Khatta Meetha - Movie review
Khatta Meetha is a remake of the Malayalam hit Vellanakalude Nadu, made by the same director
Cast: Akshay Kumar, Trisha, Rajpal Yadav, Kulbhushan Kharbanda, Aruna Irani and Neeraj Vora
WHAT IT'S ABOUT: Khatta Meetha is a remake of the Malayalam hit Vellanakalude Nadu, made by the same director. The original was made in the late '80s. Twenty years later, the subject and the narrative seem to have lost steam. Priyan should have spruced up the script, which sadly reminds one of the typical South potboilers of a bygone era. Khatta Meetha revolves around a young road contractor Sachin Tichkule (Akshay Kumar) who's struggling to make ends meet. His family considers him the black sheep though the man has a heart of gold. Sachin resorts to all means to get some contracts -- even if that means locking horns with his college ex-girlfriend who's now become the Municipal Commissioner (Trisha). Finally, it is one tragic incident that brings him back to his senses and that's when Sachin decides to stand by the truth, standing against his own family.

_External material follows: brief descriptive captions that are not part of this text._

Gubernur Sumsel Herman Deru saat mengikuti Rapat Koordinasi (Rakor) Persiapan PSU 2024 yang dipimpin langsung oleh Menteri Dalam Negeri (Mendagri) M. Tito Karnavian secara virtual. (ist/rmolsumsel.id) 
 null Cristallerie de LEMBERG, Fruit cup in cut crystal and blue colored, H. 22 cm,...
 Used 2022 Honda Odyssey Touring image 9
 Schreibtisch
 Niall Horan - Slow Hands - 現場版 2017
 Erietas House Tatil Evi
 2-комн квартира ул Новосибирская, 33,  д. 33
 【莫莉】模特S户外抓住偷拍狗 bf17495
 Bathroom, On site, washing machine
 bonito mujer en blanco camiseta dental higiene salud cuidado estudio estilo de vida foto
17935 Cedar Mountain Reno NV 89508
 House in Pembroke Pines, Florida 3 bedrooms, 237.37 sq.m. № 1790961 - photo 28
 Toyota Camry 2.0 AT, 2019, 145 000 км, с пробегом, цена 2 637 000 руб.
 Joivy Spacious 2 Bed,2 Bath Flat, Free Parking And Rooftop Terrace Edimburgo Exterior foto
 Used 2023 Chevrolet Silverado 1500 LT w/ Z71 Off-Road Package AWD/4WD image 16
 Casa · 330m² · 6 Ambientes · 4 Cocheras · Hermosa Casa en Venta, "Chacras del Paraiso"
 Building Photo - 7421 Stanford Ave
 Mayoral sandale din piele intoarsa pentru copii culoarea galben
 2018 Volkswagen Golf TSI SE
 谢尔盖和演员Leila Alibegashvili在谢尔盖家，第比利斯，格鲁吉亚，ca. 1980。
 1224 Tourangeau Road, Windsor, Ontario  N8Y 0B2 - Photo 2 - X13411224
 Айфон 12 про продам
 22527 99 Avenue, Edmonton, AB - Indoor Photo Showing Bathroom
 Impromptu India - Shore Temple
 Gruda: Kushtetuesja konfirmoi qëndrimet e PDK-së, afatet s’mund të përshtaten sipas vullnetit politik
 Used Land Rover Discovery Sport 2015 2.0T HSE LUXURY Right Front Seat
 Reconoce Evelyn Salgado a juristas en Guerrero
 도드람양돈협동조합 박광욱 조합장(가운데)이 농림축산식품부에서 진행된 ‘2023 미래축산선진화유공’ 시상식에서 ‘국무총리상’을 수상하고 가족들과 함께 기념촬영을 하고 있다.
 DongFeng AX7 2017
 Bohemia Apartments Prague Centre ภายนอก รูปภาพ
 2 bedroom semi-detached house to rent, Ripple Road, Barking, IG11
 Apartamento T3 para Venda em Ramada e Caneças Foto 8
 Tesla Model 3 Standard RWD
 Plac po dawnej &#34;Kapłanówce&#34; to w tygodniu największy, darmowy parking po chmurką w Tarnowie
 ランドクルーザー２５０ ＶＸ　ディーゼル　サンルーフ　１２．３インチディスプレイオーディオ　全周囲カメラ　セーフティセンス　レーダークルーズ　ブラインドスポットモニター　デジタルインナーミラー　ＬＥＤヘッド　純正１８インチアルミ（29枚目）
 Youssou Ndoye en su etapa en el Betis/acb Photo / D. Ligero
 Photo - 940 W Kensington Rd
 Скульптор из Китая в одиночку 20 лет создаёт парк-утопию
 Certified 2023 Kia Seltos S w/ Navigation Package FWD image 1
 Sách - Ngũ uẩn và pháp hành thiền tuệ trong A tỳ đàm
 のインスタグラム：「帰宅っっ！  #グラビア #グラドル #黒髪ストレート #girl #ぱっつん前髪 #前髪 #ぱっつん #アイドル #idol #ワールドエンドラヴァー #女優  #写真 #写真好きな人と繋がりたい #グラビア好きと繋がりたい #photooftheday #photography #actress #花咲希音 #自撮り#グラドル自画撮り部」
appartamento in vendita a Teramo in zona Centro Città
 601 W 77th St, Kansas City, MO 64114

WHAT'S HOT: Khatta Meetha offers a satirical view at present-day bureaucracy and the problems faced by the common man. The intent is sincere even though the film doesn't have much of a story, so the screenplay keeps the film going. The director tries to bring in pathos in the scenes between Akshay and Trisha. The segment of Akshay's relationship with his sister (Urvashi Sharma) has its moments. The film's high point is the fight sequence in the climax -- it's brilliantly captured on camera. It makes you wonder why the actor isn't doing more action films. In fact, Akshay Kumar is the film's only saving grace -- it's his impeccable comic timing and screen presence that holds it together. Playing a common man isn't easy as there is no glamour and heroics to play to the gallery, but Akshay lives up to the challenge. South star Trisha makes a good impact -- she has a certain charm. Urvashi, despite an ill-scripted role, manages to hold her own.
WHAT'S NOT: Priyadarshan fails miserably when it comes to his script, which is outdated and archaic. The story doesn't move forward at all in the first half. The director's over-dependency on comedy scenes has cost him dearly because most of them don't raise any laughter. The road-roller sequence with Johny Lever had potential but it's never-ending to the point that it loses the impact. An unnecessary scene with Asrani talking on the phone seems to have been added at the last minute -- it's a track that has no relevance to the story. And we thought they did away with such 'add-ons' decades ago. Characters are added and then conveniently done away with (Tinnu Anand) without any reasoning. The film explores a variety of genres but they are all half-baked so they serve no purpose at all.
WHAT TO DO: It should be seen only for Akshay's spirited performance in a film that's neither khatta nor meetha.